Throughout the day, his pitmaster-in-training moves in the restaurant’s six other meats, including pork shoulder (for pulled pork), chicken, turkey and spare ribs (prepared St. Louis-style). The brisket comes out of the smoker after 12 hours and heads to a roughly 200-degree oven, wrapped in foil and set in a pan where its juices can gather — the essential rendering step of the process that creates the crackly, textural bark.
Asked if people should bother smoking meats at home, Parker replied enthusiastically, “Yes!” But he cautioned the most common mistake is trying to grill it and, sigh, rushing what you just can’t rush.
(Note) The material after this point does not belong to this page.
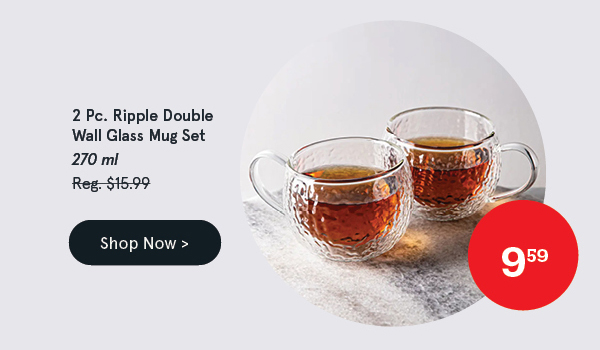 Ripple Double Wall Glass Mugs - Set/2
“If you’re lookin’, you ain’t cookin’!” he said, one of many such taglines. As a sign above the ordering counter reads: “Barbecue: because America wasn’t built on salad.”
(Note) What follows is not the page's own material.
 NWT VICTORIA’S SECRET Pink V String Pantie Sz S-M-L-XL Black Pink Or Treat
The name BBQ2U stems from Parker’s early days making the barbecue he longed for at his new home in the Puget Sound. After working for IBM, he got a job with Intel, moving here in 1997. He recalled setting up an offset smoker from Lowe’s on his back porch. A neighbor, born and raised in Washington state, called over to him: “‘He was like, ‘Your deck’s on fire!’ I said, ‘It’s not on fire.’”
He began informally catering parties and off-site events for his Intel colleagues — bringing the barbecue to you. The restaurant debuted in 2018.
“If you’re interested, you take to it,” he said. “Barbecue finds you.”
BRANK’S BBQ & CATERING
▪ 13701 24th St. E., Sumner, 253-891-1789, branksbbq.com
▪ Established: 1995
▪ Menu: baby-back and St. Louis-style ribs, Texas brisket and Carolina tri-tip, plus chicken, pork; sides include cowboy beans (what started it all), potato salad, coleslaw, cornbread muffin
▪ Readers said: “The mac and cheese is to die for.” “Their ribs are tender and flavorful; the beans are top-notch!”
JACK’S BBQ
▪ 12115 Pacific Highway SW, Lakewood, 253-625-7580, jacksbbq.com
▪ Tuesday-Friday 7 a.m.-8 p.m., Saturday-Sunday 11 a.m.-8 p.m. (‘til 9 p.m. Friday-Saturday)
▪ 35731 West Valley Hwy S, Algona, 253-249-7728
▪ Tuesday-Friday 5 a.m.-8 p.m., Saturday-Sunday 10 a.m.-8 p.m. (‘til 9 p.m. Friday-Saturday)
▪ Established: 2014
▪ Menu: Central Texas brisket (from Washington’s Double R Ranch), pork ribs (go out of your way for the Thursday-only beef rib), pulled pork, sausage and chicken; sides include Texas caviar, collards, corn pudding, ranch beans and buttermilk cornbread
▪ Bonus: open early for breakfast tacos, full bar with good cocktails
▪ Readers said: 18 readers responded that Jack’s serves the best sides in general.
MY 4 SONS BBQ
▪ 9823 Portland Ave. E., Tacoma, 253-777-4677, my4sonsbbq.com
▪ Tuesday-Saturday 11 a.m.-7 p.m. (or sellout)
▪ Established: 2018
▪ Menu: pellet smoker with hickory churns out brisket, St. Louis-style ribs, pulled pork and chicken; sides include smoked beans, four-cheese mac and broccoli salad; barbecue sundae for dessert
▪ Readers said: “Consistently delicious BBQ and sides, and those pickles!! They also have the good ice, iykyk!” “My4Sons does a fantastic job at blending what I consider to be the best forms of BBQ.”
OPAL LOUNGE
▪ 5226 South Tacoma Way, Tacoma, 253-302-5650, facebook.com/opallounge253
▪ Wednesday-Thursday noon to 8 p.m., Friday-Saturday noon to 10 p.m.
▪ Established: 2019 (sister Southbay Dickeron’s BBQ in Olympia est. 2003)
▪ Menu: brisket, ribs, sausage and hot links, pulled pork and chicken; available by the pound and in plates, plus pub-style dishes (Cubano, smoked meat salad, burger); sides include baked beans, greens, cornbread and mac
▪ Bonus: prime rib Fridays, full bar with great whiskey selection
▪ Readers said: “The Opal is my hands-down favorite for all of these things [BBQ and sides]. The atmosphere, the food, people and the amazing selection of high-end whisky with the prime rib dinner on Friday always hits the spot.” “The Opal has a great atmosphere with a fun bar and the sides were awesome.”